Pictures with short captions
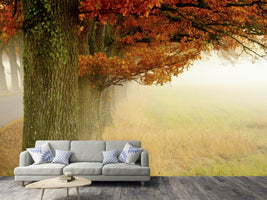 photo-wallpaper-autumn-fog-x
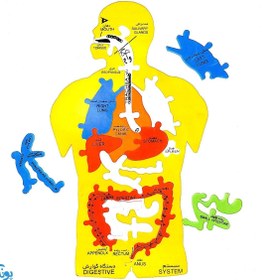 تصویر پازل آموزشی اعضای بدن انسان فومی سایان چند رنگ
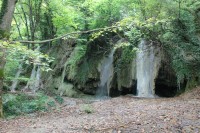 IMG_9698.JPG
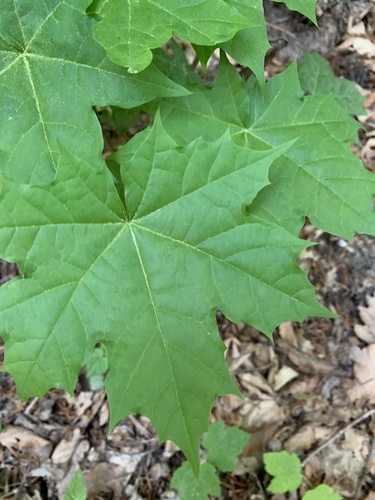 Javor mliječ (Acer platanoides)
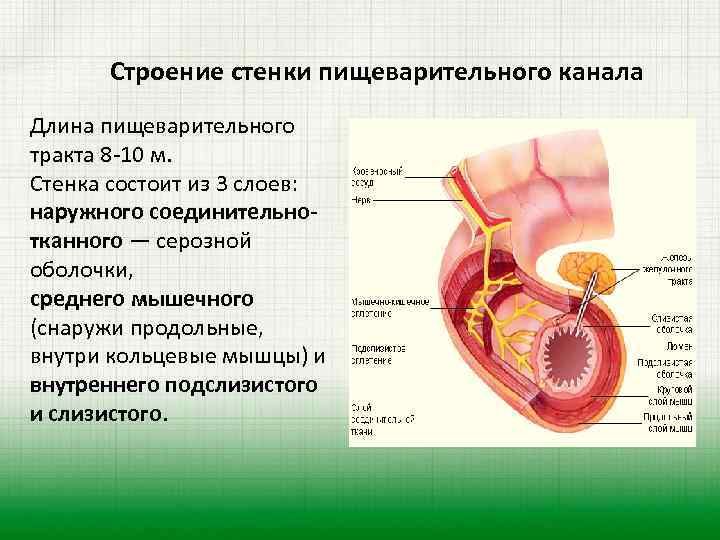 Особенности строения стенки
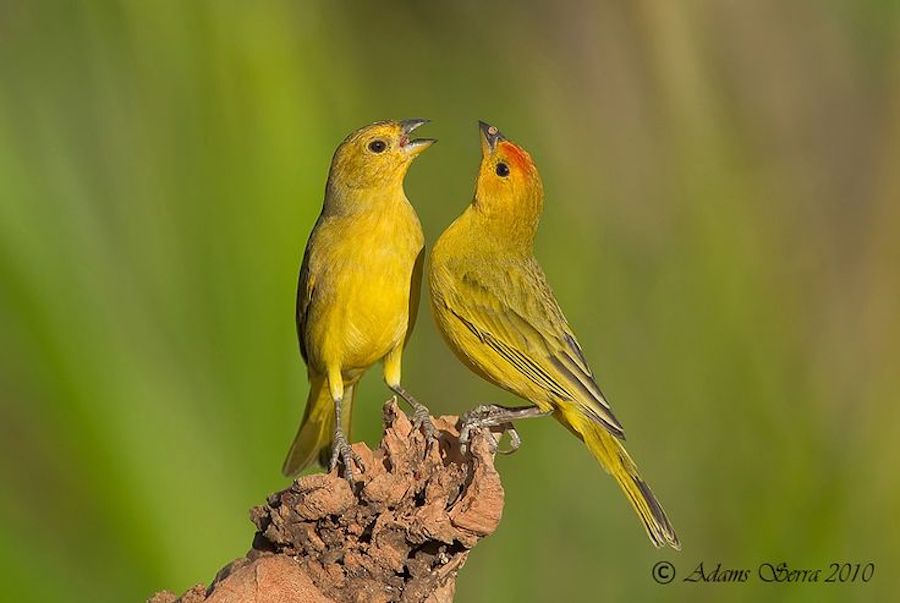 Saffron Finch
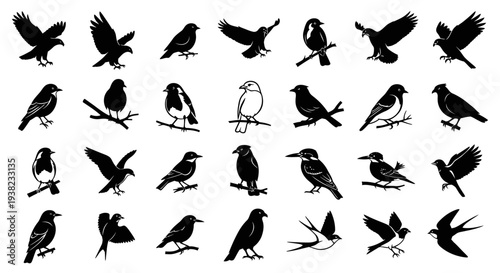 Black Bird Silhouettes Flying and Perching on Branches Isolated on White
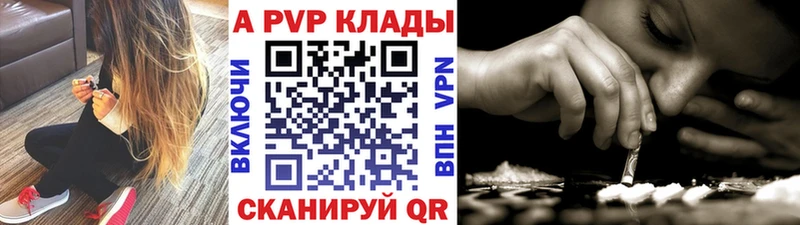 Альфа ПВП СК КРИС  Ярославль 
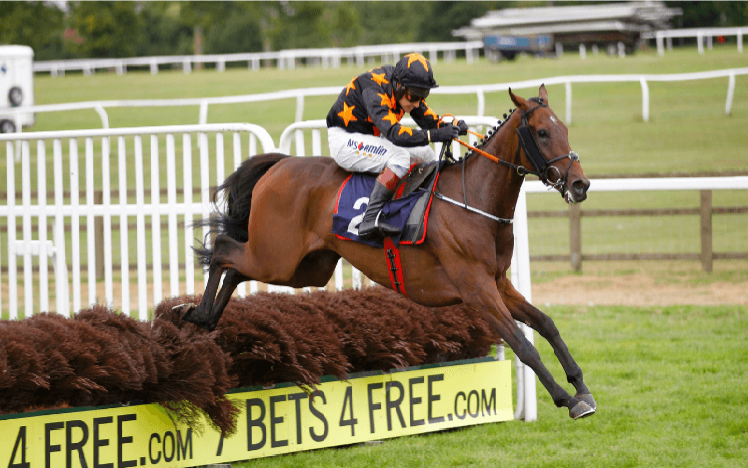 A runner at Worcester Racecourse clearing a fence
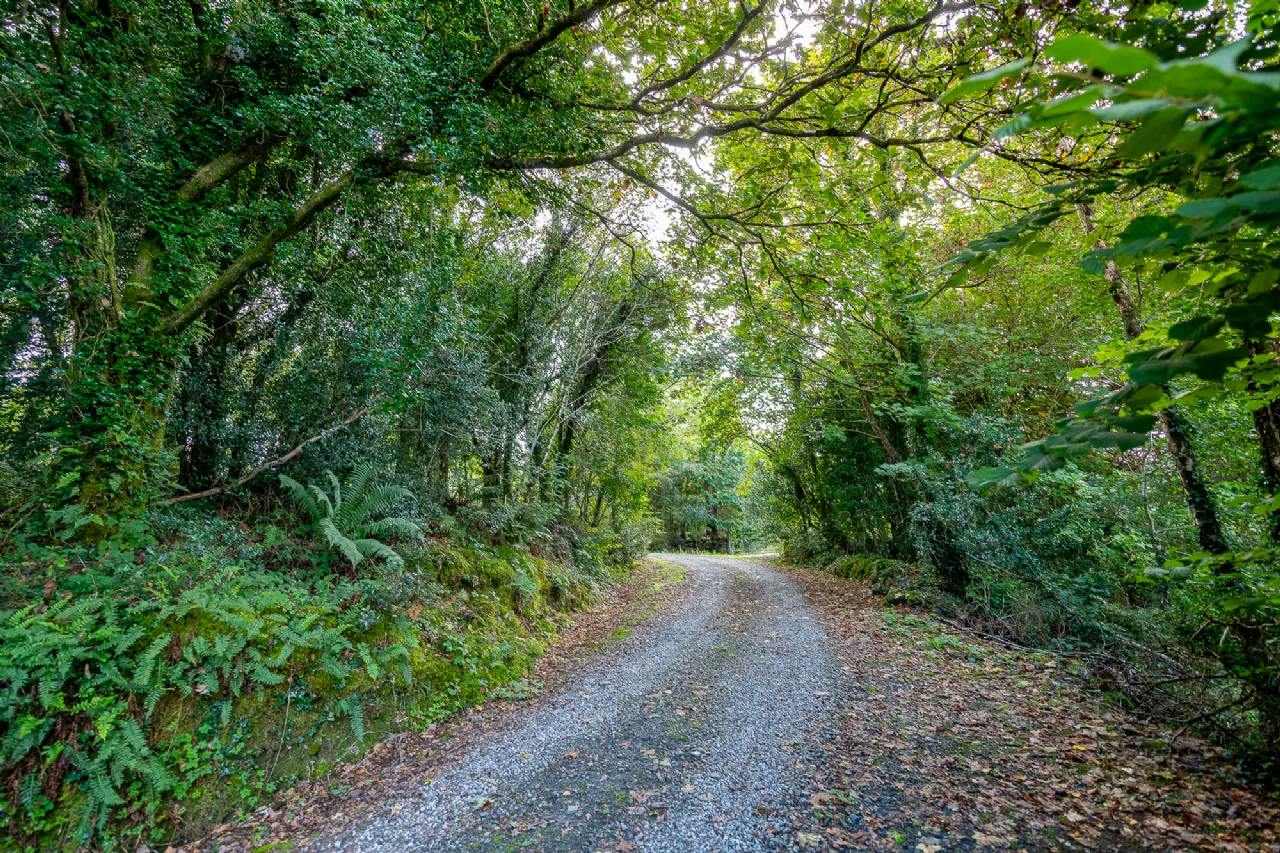Photo of River Cottage, Feorus East, Kenmare, Co. Kerry, V93 EW92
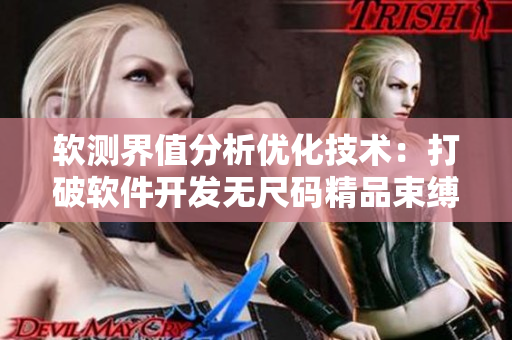 軟測(cè)界值分析優(yōu)化技術(shù)：打破軟件開(kāi)發(fā)無(wú)尺碼精品束縛
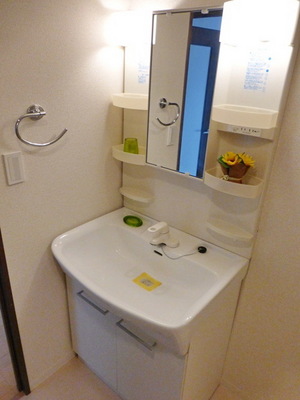 Washroom. It comes with a large independent wash basin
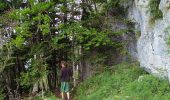 Excursión Senderismo Saint-Martin-en-Vercors - Pas st Martin - Photo 17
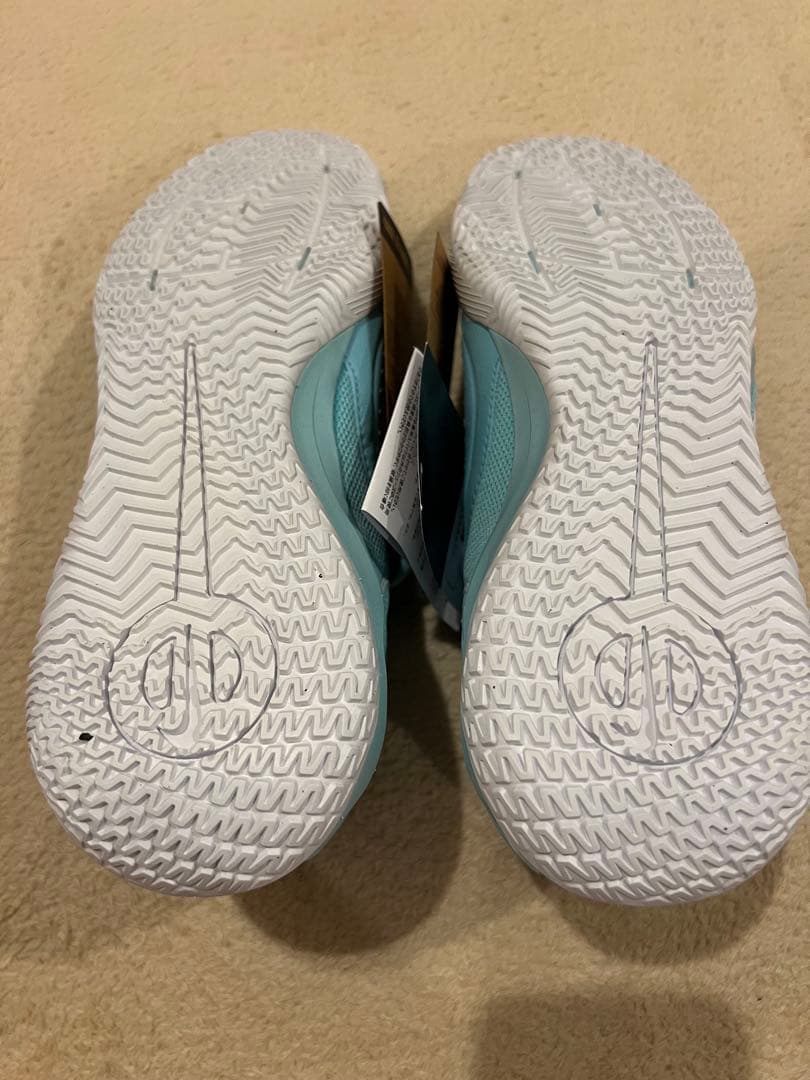 レジェンド 10 アカデミー IC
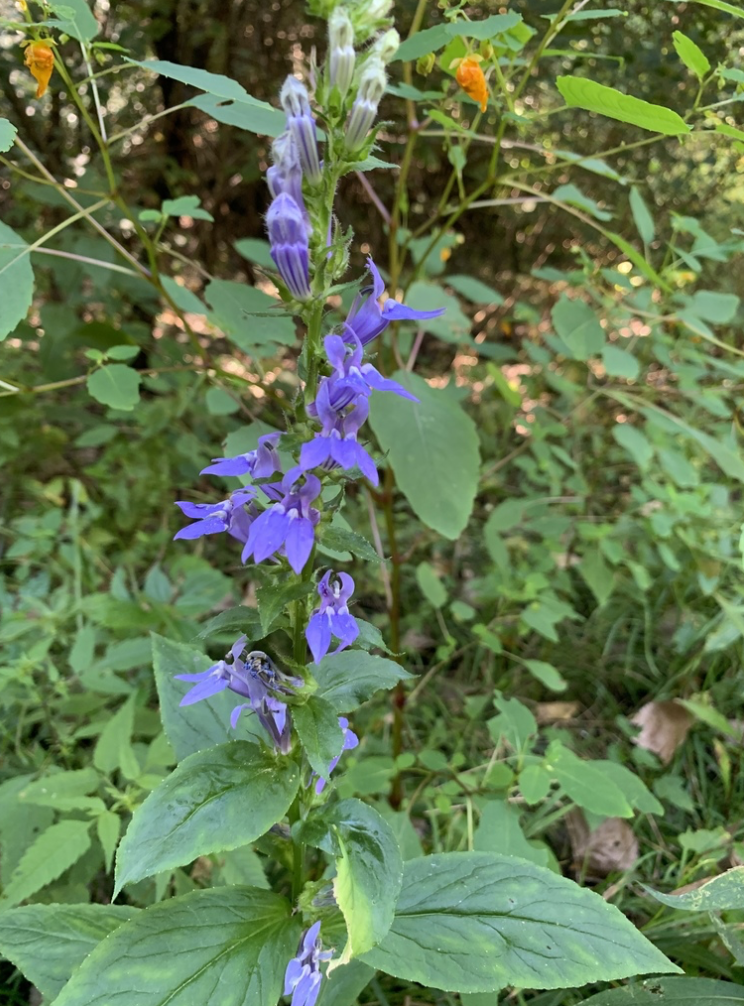 Lobelia siphilitica (Great Blue Lobelia)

▸ WHAT THE EXERCISE ASKS:
Output all of the entries once more, word for word, with the images removed.

▸ TASK OUTPUT:
 photo-wallpaper-autumn-fog-x
 تصویر پازل آموزشی اعضای بدن انسان فومی سایان چند رنگ
 IMG_9698.JPG
 Javor mliječ (Acer platanoides)
 Особенности строения стенки
 Saffron Finch
 Black Bird Silhouettes Flying and Perching on Branches Isolated on White
 Альфа ПВП СК КРИС  Ярославль 
 A runner at Worcester Racecourse clearing a fence
Photo of River Cottage, Feorus East, Kenmare, Co. Kerry, V93 EW92
 軟測(cè)界值分析優(yōu)化技術(shù)：打破軟件開(kāi)發(fā)無(wú)尺碼精品束縛
 Washroom. It comes with a large independent wash basin
 Excursión Senderismo Saint-Martin-en-Vercors - Pas st Martin - Photo 17
 レジェンド 10 アカデミー IC
 Lobelia siphilitica (Great Blue Lobelia)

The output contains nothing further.